Could a reset for US crypto rules finally give payments firms the clarity needed to move from caution to adoption?
The US Securities and Exchange Commission (SEC) and Commodity Futures Trading Commission (CFTC) have issued joint guidance on how federal securities laws apply to crypto assets.
Published on 17 March, the interpretive release is designed to give companies, exchanges and investors much needed clarity after years of regulatory grey areas around crypto.
“After more than a decade of uncertainty, this interpretation will provide market participants with a clear understanding of how the Commission treats crypto assets under federal securities laws,” said SEC Chair Paul Atkins.
The action also highlights a new era in US regulation where the two agencies, which have historically taken differing approaches to crypto oversight, have become much closer.
CFTC Chair Michael Selig said the guidance supports a “regulatory environment that allows the crypto industry to flourish in the US with clear and rational rules of the road.”
What is a security?
One of the biggest challenges for the crypto industry in recent years has been determining which assets fall under US securities laws, often relying on court cases and enforcement actions.
At the heart of this has been the “Howey test”, used to assess whether an asset involves an investment contract. Its application to crypto has been widely debated, leaving companies uncertain about how tokens would be classified.
The new guidance attempts to resolve this by introducing a five-part classification system, which can be found in the 67-page document published by the agencies. The framework provides a clearer distinction between assets which derive value from decentralised networks and those tied to traditional financial structures.
Digital commodities, including major tokens such as Bitcoin, Ethereum and Solana, are defined as assets whose value comes from how the network operates and market demand instead of the efforts of a central party. These are not considered securities.
Digital collectibles, such as NFTs and in-game items, along with digital tools like tickets or credentials, are also classified as non-securities because of their functional or cultural use rather than investment characteristics.
Payment stablecoins issued under the proposed GENIUS Act are largely treated the same way. Only “digital securities”, tokenised versions of traditional financial instruments, fall clearly within securities rules.

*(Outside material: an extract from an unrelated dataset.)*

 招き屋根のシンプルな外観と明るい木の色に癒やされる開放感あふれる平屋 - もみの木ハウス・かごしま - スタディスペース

The SEC and CFTC believe by explicitly stating several major categories of crypto assets are not securities, the guidance provides a clearer foundation for how these assets can be traded, integrated into financial products and used within payment systems.
The release also outlines how some tokens may move out of securities classification over time if issuers fulfil their commitments, offering a clearer pathway for projects to operate without ongoing regulatory uncertainty.

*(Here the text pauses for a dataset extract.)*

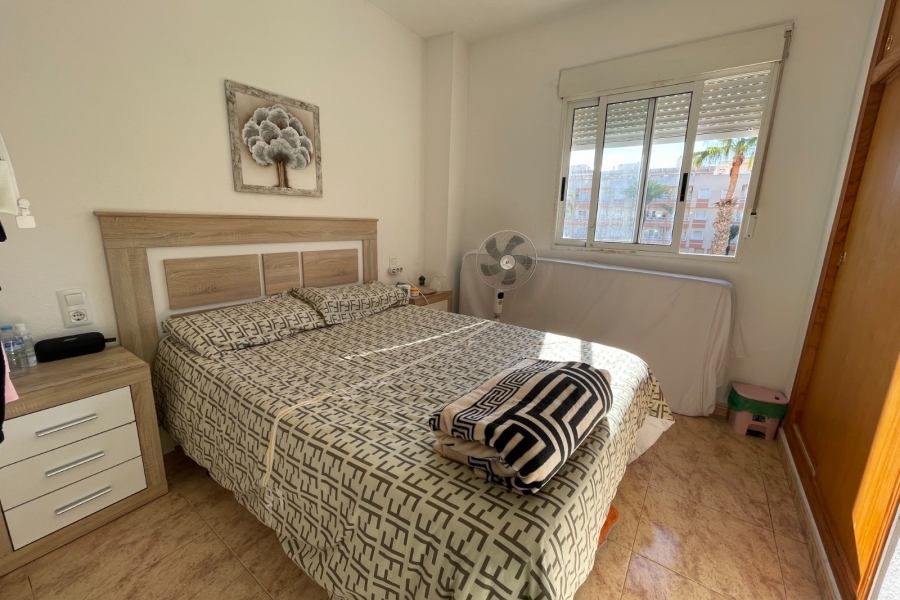 Re-Sale - Apartment - Torrevieja - Torrevieja - Centre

What it means for crypto payments
In addition to classification, the guidance narrows how regulators apply the Howey test, focusing more directly on the role of issuers.
Under the new interpretation, only explicit promises made by the issuer, such as commitments to deliver returns or develop a project, are relevant when determining whether an asset is a security. This means broader market speculation or third-party commentary does not factor into the assessment.
The agencies also stated common crypto activities, including protocol mining, staking, wrapping of tokens and certain airdrops, do not in themselves constitute securities transactions. However, these activities must still be carefully structured, particularly where intermediaries exercise control or discretion.
A more predictable operating environment is likely to emerge for payments firms, fintechs and financial institutions. Clearer definitions of non-security assets could support the development of crypto-based payment products, wallet services and settlement infrastructure without the same level of regulatory ambiguity seen in recent years.
Firms may also benefit from greater certainty when assessing exposure to digital assets, particularly as regulators begin to show a more coordinated approach between the SEC and CFTC.
Industry reaction has been extremely positive, with Mike Katz, Partner at Manatt Legal, describing the release as “the most consequential piece of US crypto regulatory guidance ever produced.”
In his latest Substack post, he highlighted its role in giving companies a clearer framework for structuring products and managing compliance risk.
There has also been support from within the crypto sector. Stuart Alderoty, Chief Legal Officer at Ripple, said in a post on X that “we always knew XRP wasn’t a security — and now the SEC has made clear what it is: a digital commodity,” adding the move delivers the clarity “markets, investors, and innovators have long deserved.”